AIM OF THE TASK »
Copy nothing but the lines from the opening of the entries through the line that contains "2012款标致307两厢1.6L手动舒适版", exactly as written. Drop the pictures.

DATA FOR ANALYSIS »
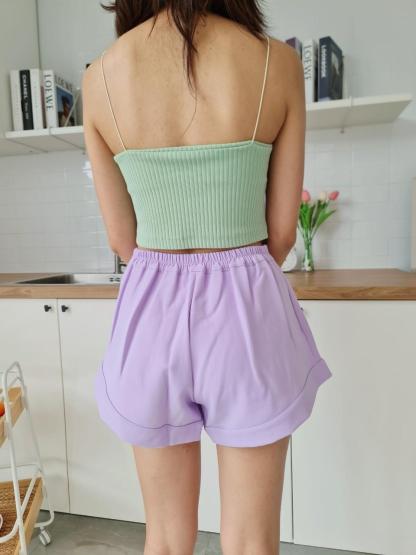 Slimming micro-arc rolled hem shorts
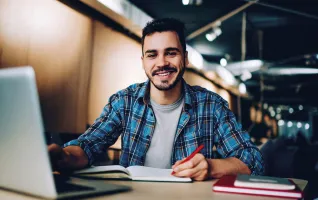 Junger Student informiert sich über Finanzierungsmöglichkeiten des Studiums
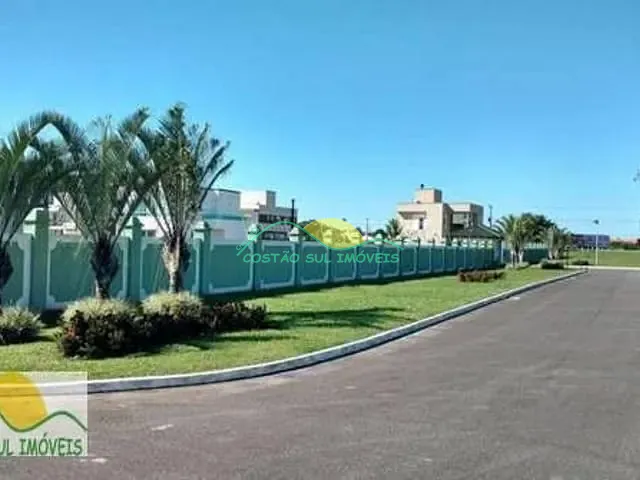 Terreno à venda, no bairro Campeche em Florianópolis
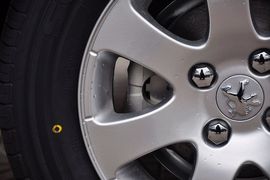 2012款标致307两厢1.6L手动舒适版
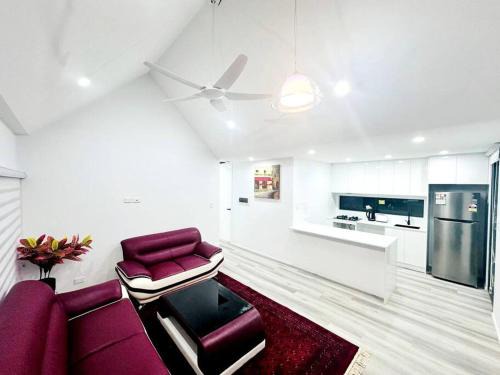 Slacks Creek House | Holiday Home on Acreage Block - Next to M1 and Close to Everything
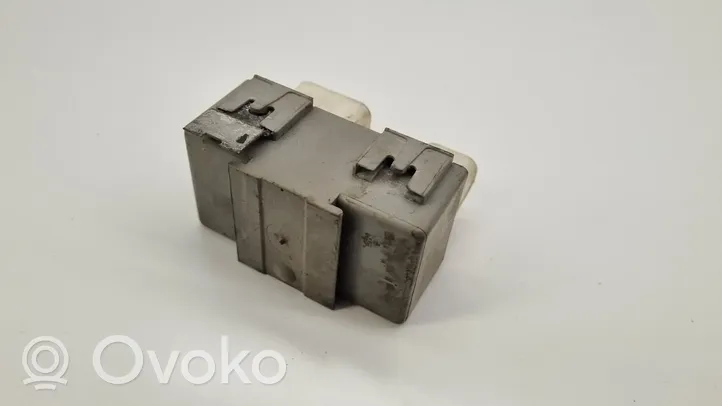 Volvo S40, V40 Coolant fan relay 808999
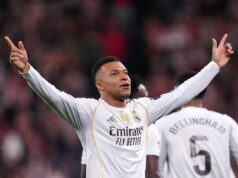 Koľko gólov potrebuje Mbappé, aby prekonal rekord Cristiana Ronalda v kalendárnom roku Realu Madrid? Koľko gólov potrebuje Mbappé, aby prekonal rekord Cristiana Ronalda v kalendárnom roku Realu Madrid?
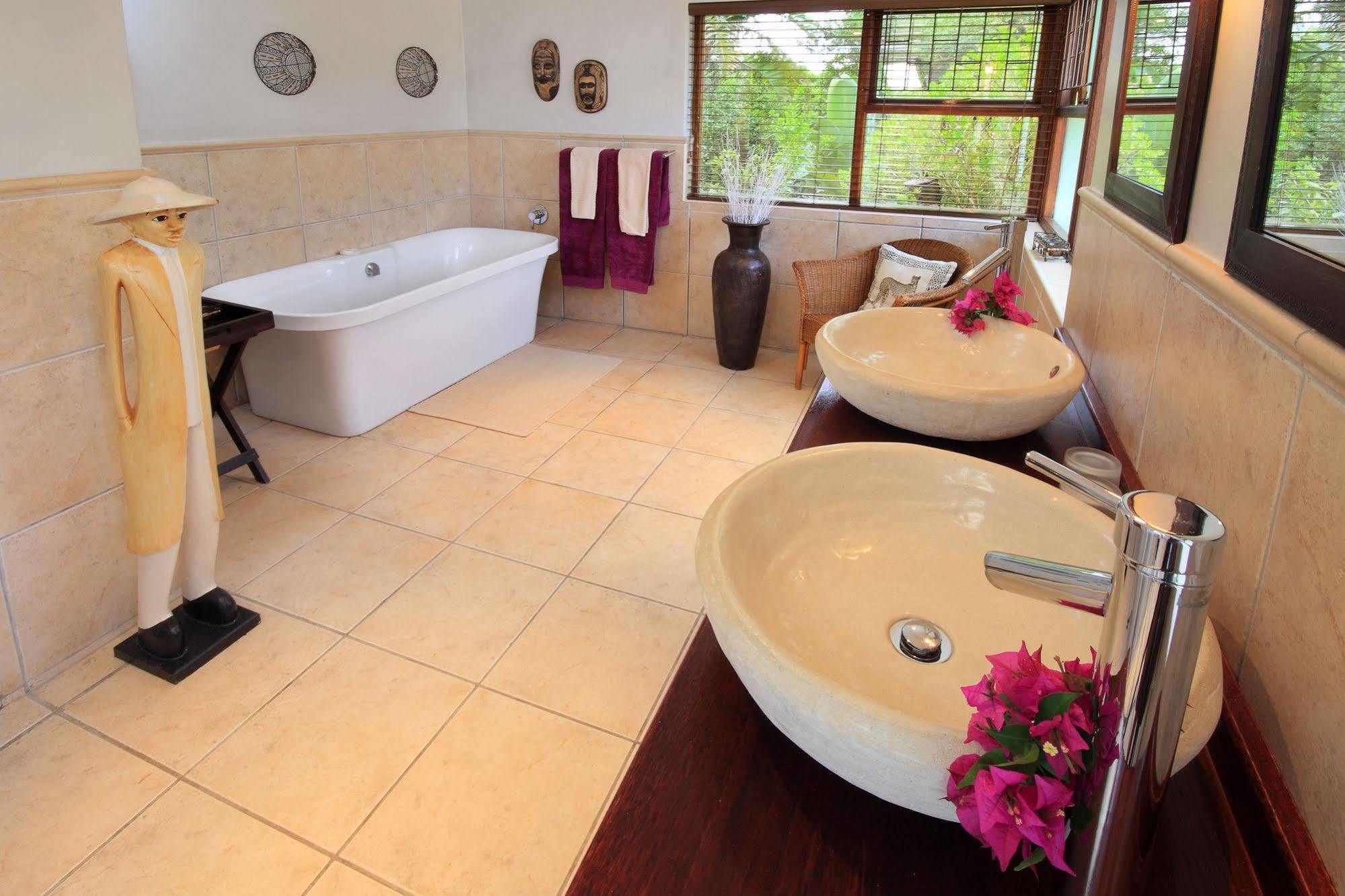 Thatchwood Country Lodge St Francis Bay Exteriör bild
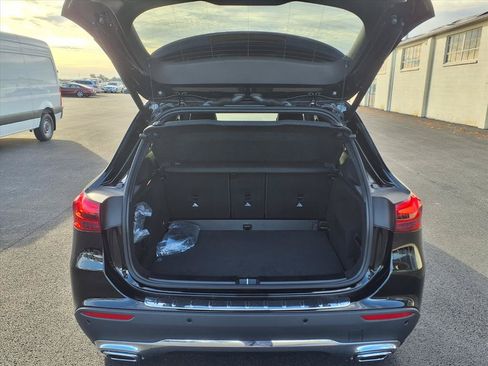 Used 2025 Mercedes-Benz GLA 250 4MATIC image 11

REPLY »
 Slimming micro-arc rolled hem shorts
 Junger Student informiert sich über Finanzierungsmöglichkeiten des Studiums
 Terreno à venda, no bairro Campeche em Florianópolis
 2012款标致307两厢1.6L手动舒适版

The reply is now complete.